(Task objective) Leave the pictures out and return every line below exactly.

═══

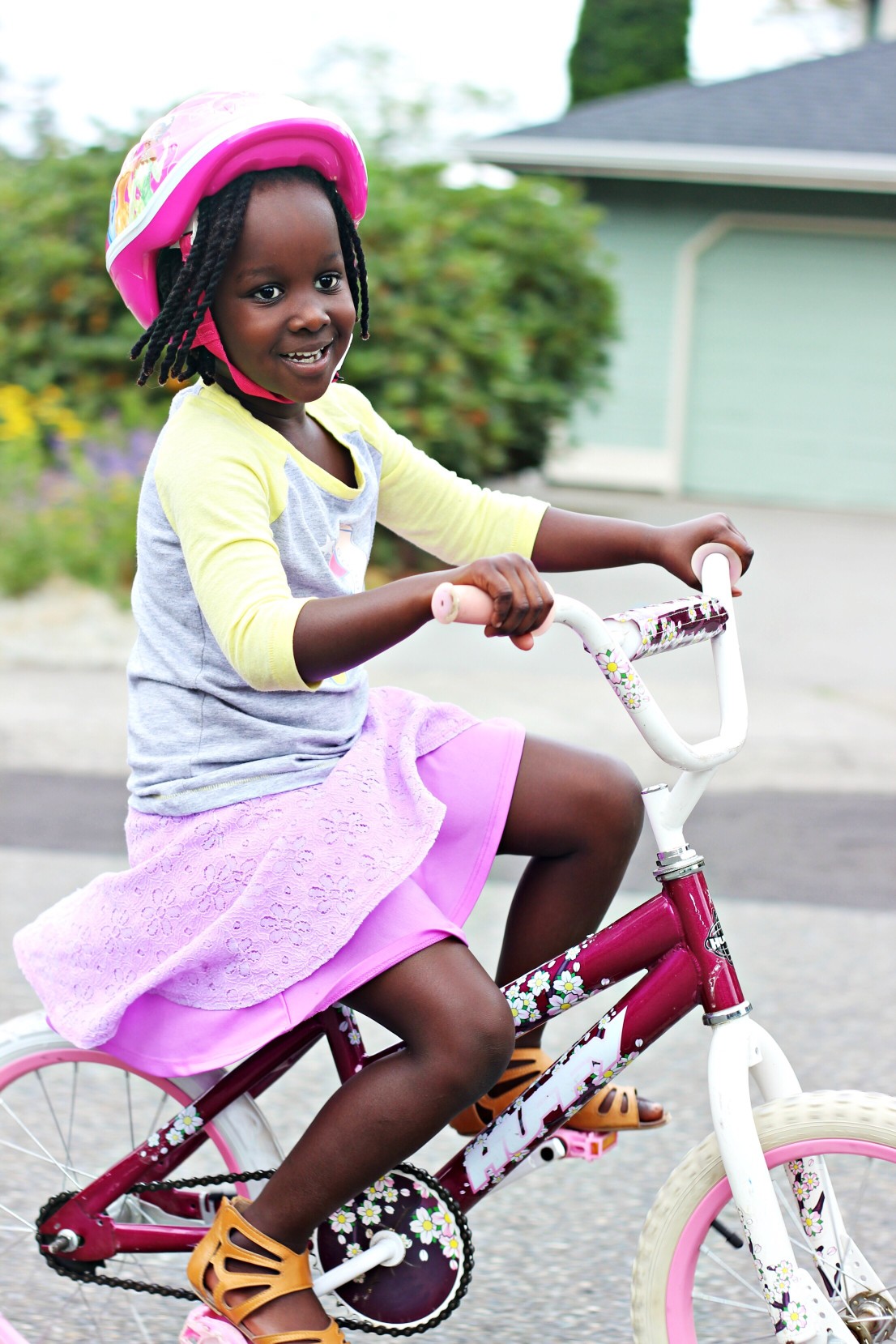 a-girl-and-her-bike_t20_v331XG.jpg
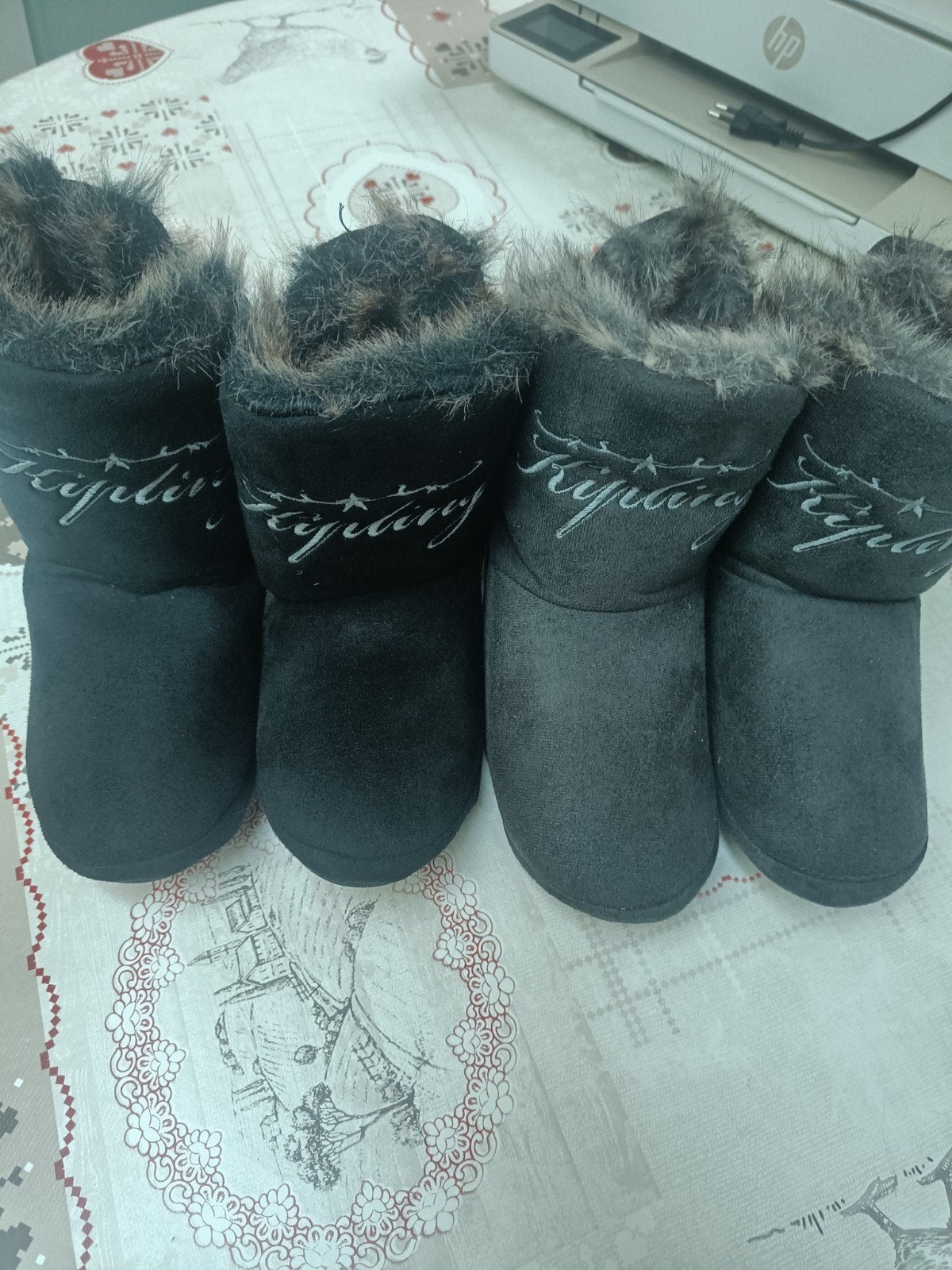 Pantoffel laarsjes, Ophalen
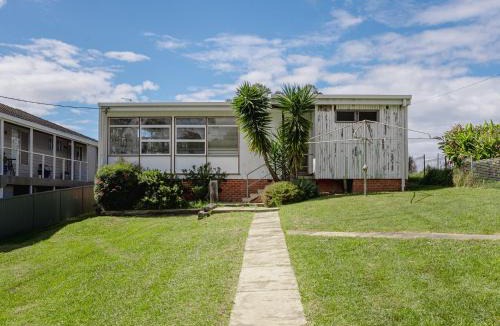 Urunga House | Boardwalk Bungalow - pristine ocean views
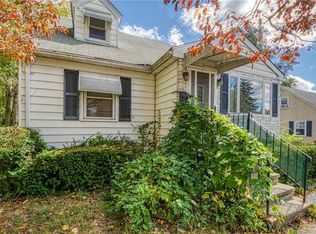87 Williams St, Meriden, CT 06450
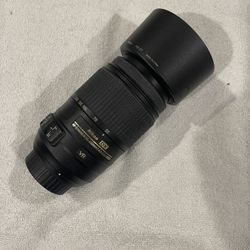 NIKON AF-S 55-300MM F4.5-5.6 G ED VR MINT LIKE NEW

═══

(Answer section)
 a-girl-and-her-bike_t20_v331XG.jpg
 Pantoffel laarsjes, Ophalen
 Urunga House | Boardwalk Bungalow - pristine ocean views
87 Williams St, Meriden, CT 06450
 NIKON AF-S 55-300MM F4.5-5.6 G ED VR MINT LIKE NEW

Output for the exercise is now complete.